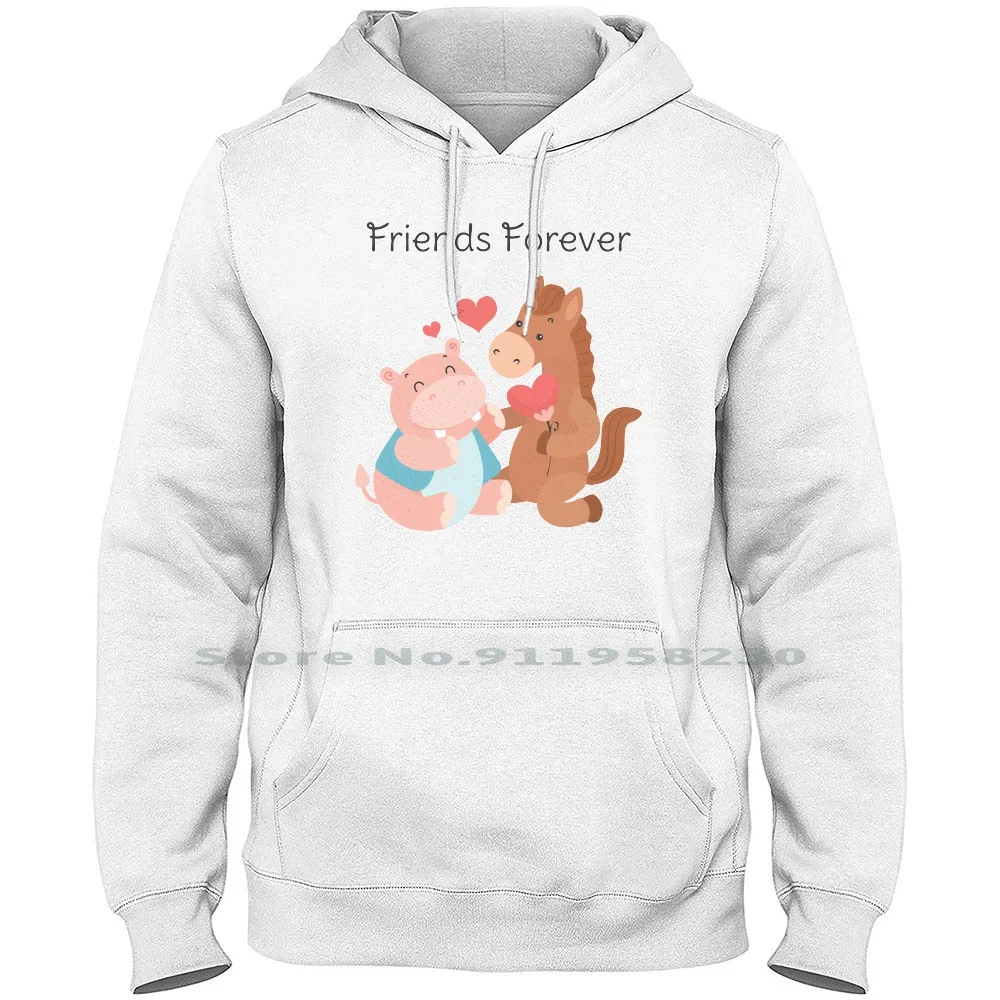 Friends Forever , Horse , Pig Hoodie Sweater Cotton Friends Forever Forever Animals House Horse Agent Ever Pig Eve End Pi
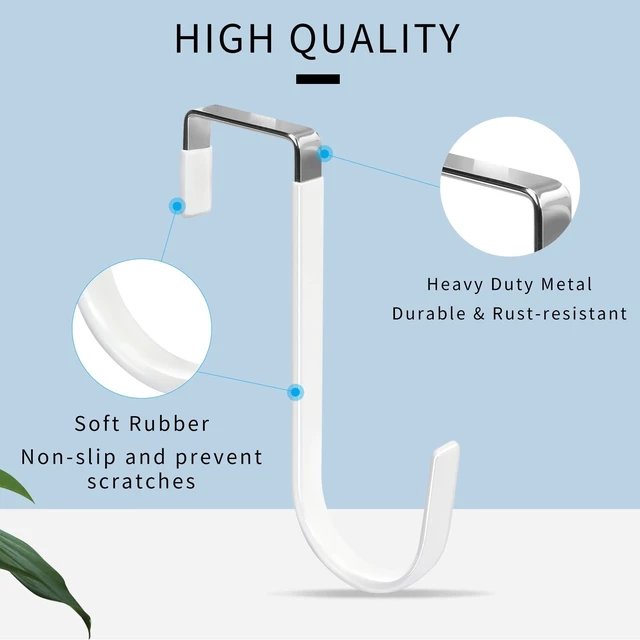 Alt view image 10 of 14 - Over the Door Hooks, 4 Pack Hangers Hooks with Rubber Prevent Scratches Heavy Duty Organizer for Living Room, Bathroom, Bedroom, Kitchen Hanging Clothes, Towels, Hats, Coats, Bags White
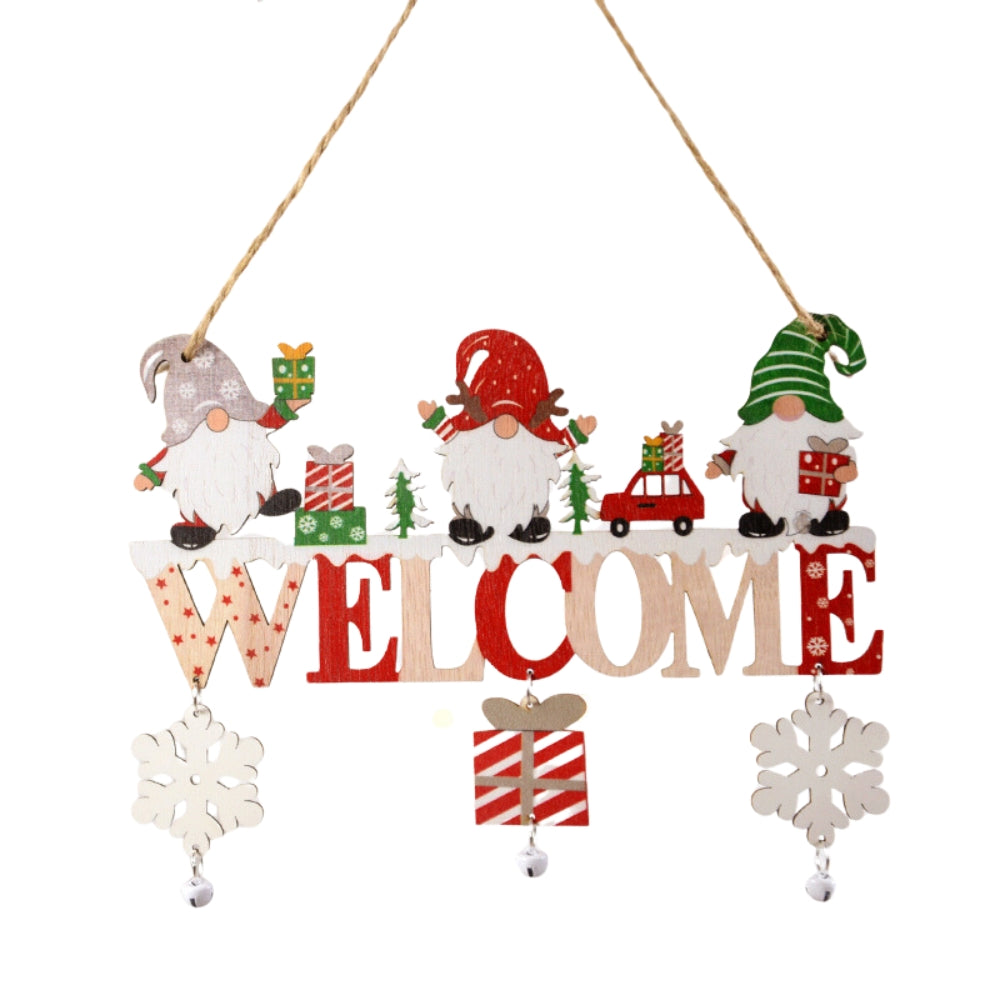 Gnome Santa Claus Wooden Hanging Ornament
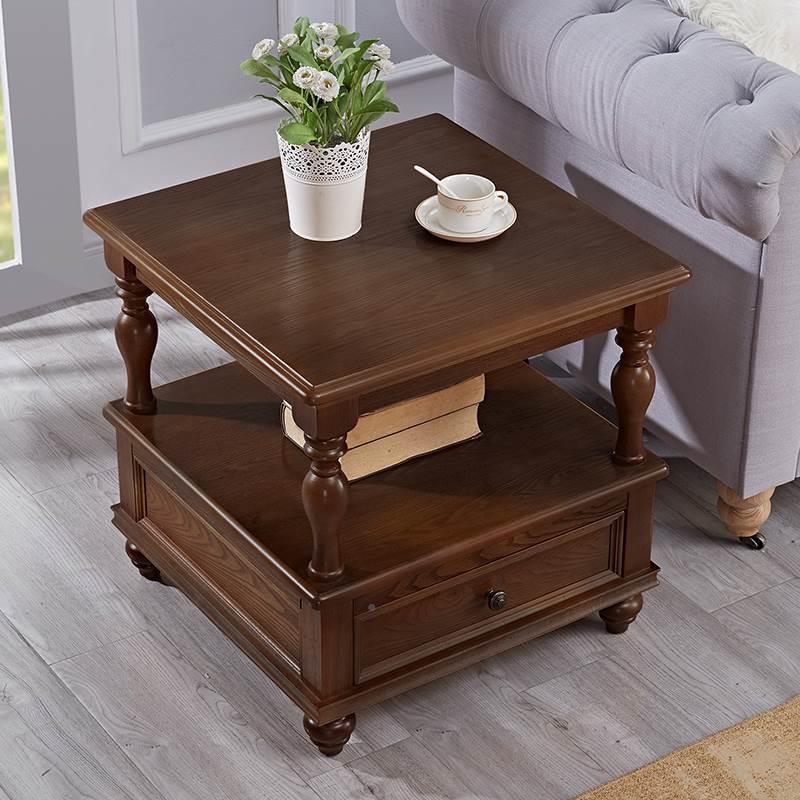 实ZTE木沙发边柜小方桌茶几小茶几方几复古美柜式边侧边几边小桌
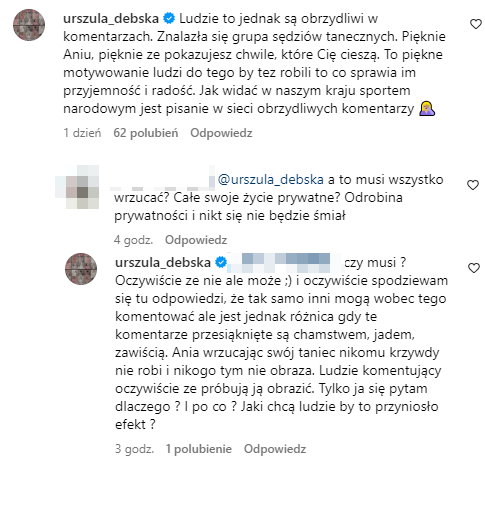 Urszula Dębska o zachowaniu internautów pod postem Lewandowskiej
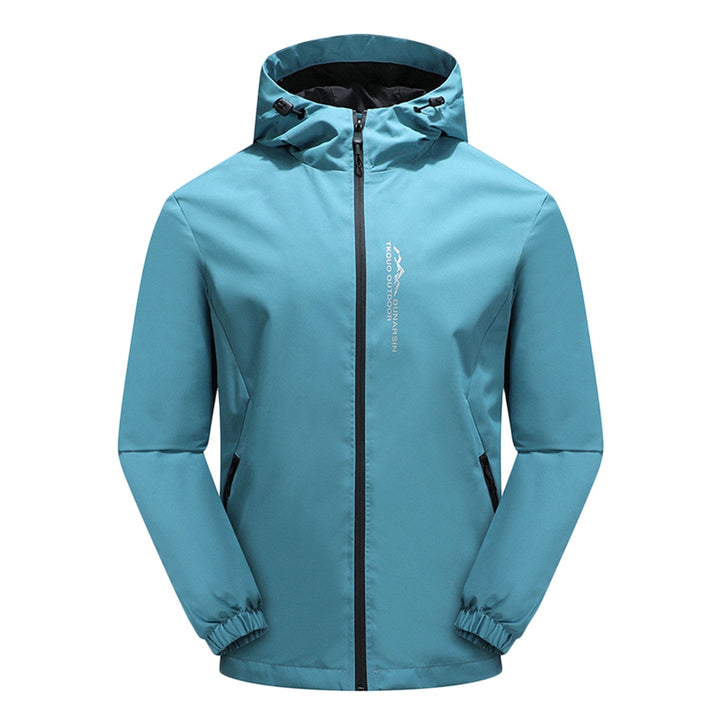 Water- and windproof outdoor jacket with hood - EcoShield-Light Blue-XS-Nora Luxe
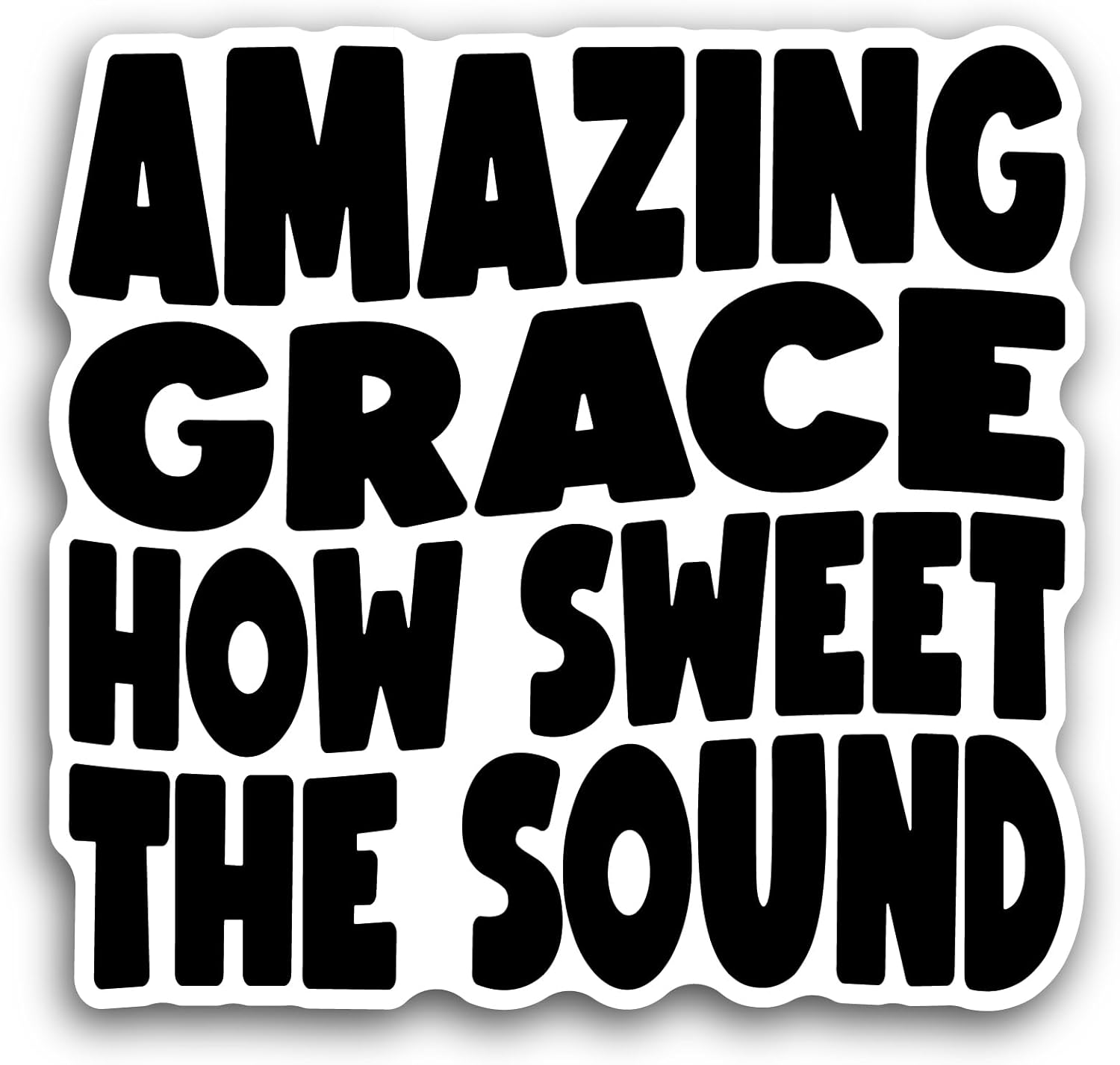 2 (Pieces) 3" and 5" Amazing Grace Text Sticker, Waterproof Vinyl Decals for Many Purpose Like Cars, Trucks, Laptops, Phones, Windows and More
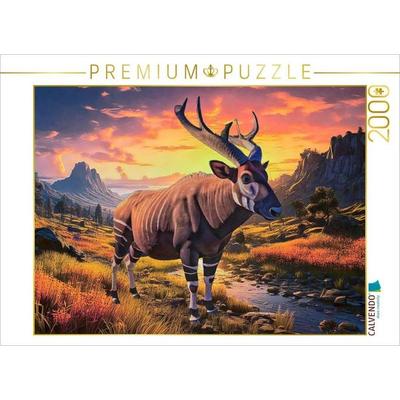 CALVENDO Puzzle Die bis zu 3 Meter große Rindergiraffe (Sivatherium) ist vor etwa 8000 Jahren ausgestorben. | 2000 Teile Lege-Größe 90x67cm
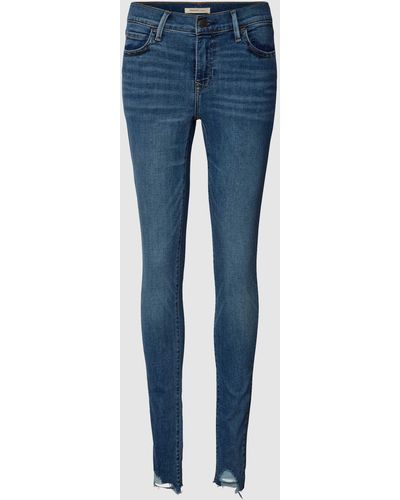 Levi's Skinny Fit Jeans im Used-Look - Blau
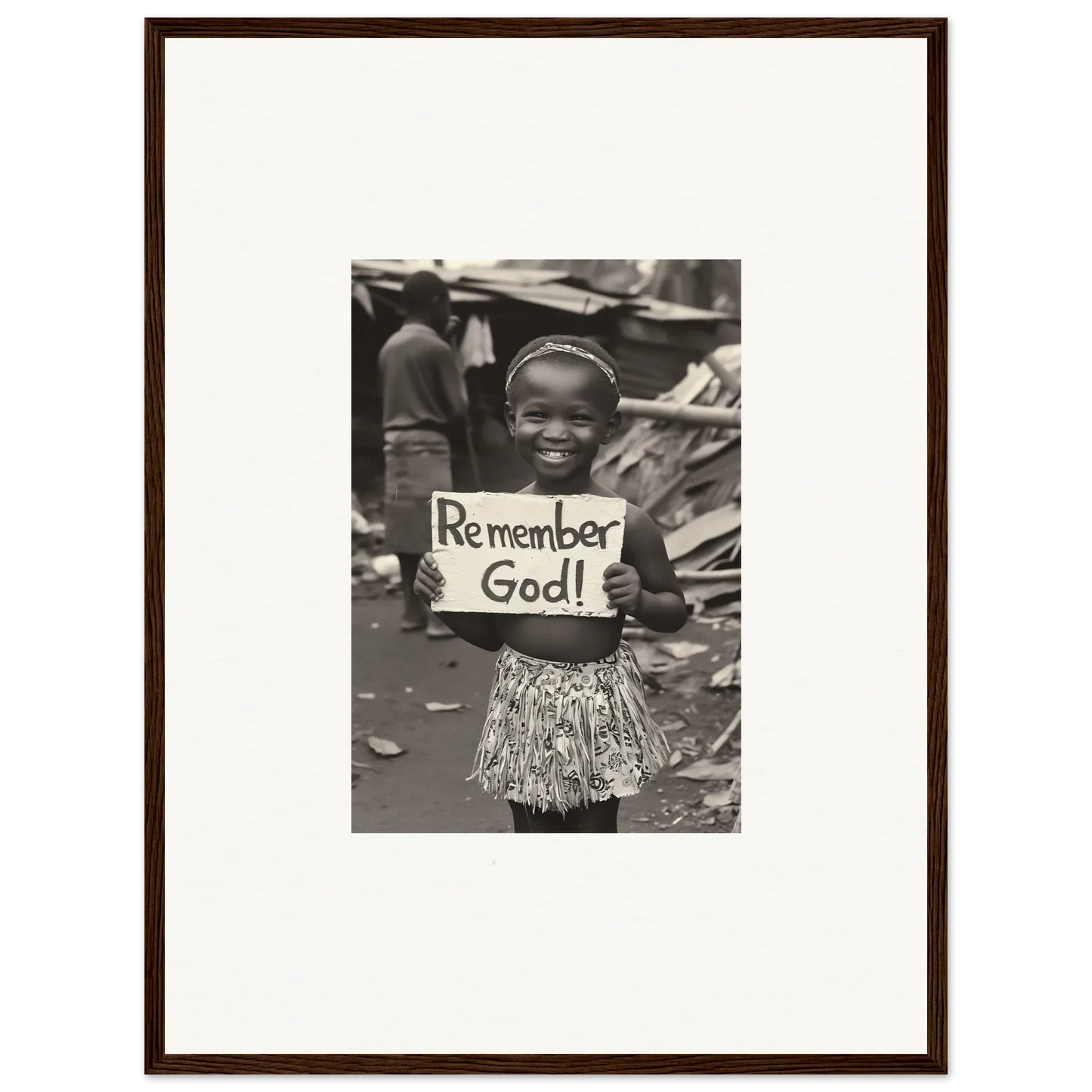 Child with Remember God sign in patterned skirt, featured in Memory Yet Flowered art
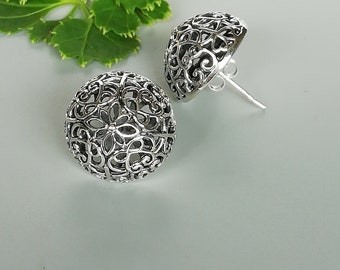 Filigree half ball earrings | Silver ear studs | Sterling silver earrings  | Silver jewelry | 925 silver studs | Gift earrings | EIII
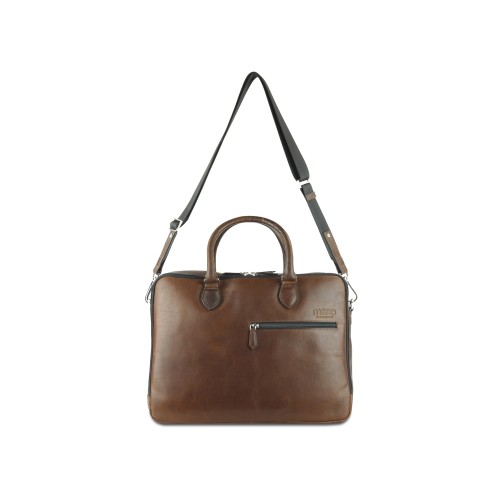 Сумка Mano "Don Valentino", натуральная кожа в коричневом цвете, 41,5 х 31 х 10 см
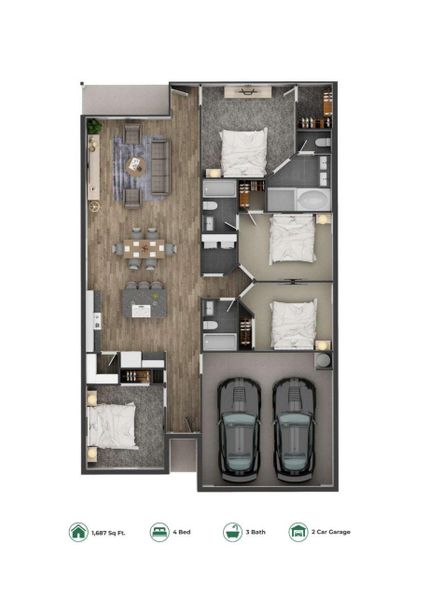 The Myrtle Floor Plan - 4 Beds | 3 Baths The Myrtle Floor Plan - 4 Beds | 3 Baths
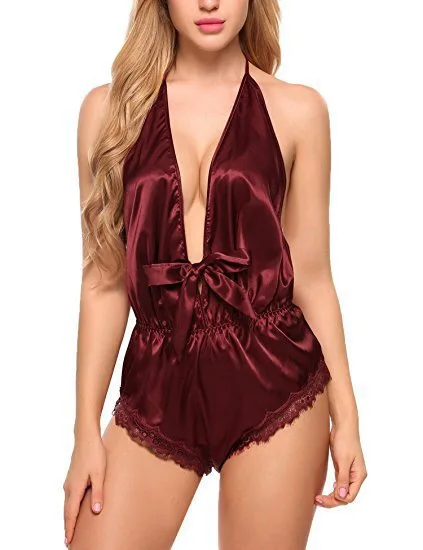 

JIZI hollowed-out lace jumpsuit pajama ladies sexy v-neck sexy lingerie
===
● **Exercise goal**
Whenever a line holds a picture, print that line without the picture. All other data must be output exactly.

● **Solved exercise**
 Friends Forever , Horse , Pig Hoodie Sweater Cotton Friends Forever Forever Animals House Horse Agent Ever Pig Eve End Pi
 Alt view image 10 of 14 - Over the Door Hooks, 4 Pack Hangers Hooks with Rubber Prevent Scratches Heavy Duty Organizer for Living Room, Bathroom, Bedroom, Kitchen Hanging Clothes, Towels, Hats, Coats, Bags White
 Gnome Santa Claus Wooden Hanging Ornament
 实ZTE木沙发边柜小方桌茶几小茶几方几复古美柜式边侧边几边小桌
 Urszula Dębska o zachowaniu internautów pod postem Lewandowskiej
 Water- and windproof outdoor jacket with hood - EcoShield-Light Blue-XS-Nora Luxe
 2 (Pieces) 3" and 5" Amazing Grace Text Sticker, Waterproof Vinyl Decals for Many Purpose Like Cars, Trucks, Laptops, Phones, Windows and More
 CALVENDO Puzzle Die bis zu 3 Meter große Rindergiraffe (Sivatherium) ist vor etwa 8000 Jahren ausgestorben. | 2000 Teile Lege-Größe 90x67cm
 Levi's Skinny Fit Jeans im Used-Look - Blau
 Child with Remember God sign in patterned skirt, featured in Memory Yet Flowered art
 Filigree half ball earrings | Silver ear studs | Sterling silver earrings  | Silver jewelry | 925 silver studs | Gift earrings | EIII
 Сумка Mano "Don Valentino", натуральная кожа в коричневом цвете, 41,5 х 31 х 10 см
 The Myrtle Floor Plan - 4 Beds | 3 Baths The Myrtle Floor Plan - 4 Beds | 3 Baths

JIZI hollowed-out lace jumpsuit pajama ladies sexy v-neck sexy lingerie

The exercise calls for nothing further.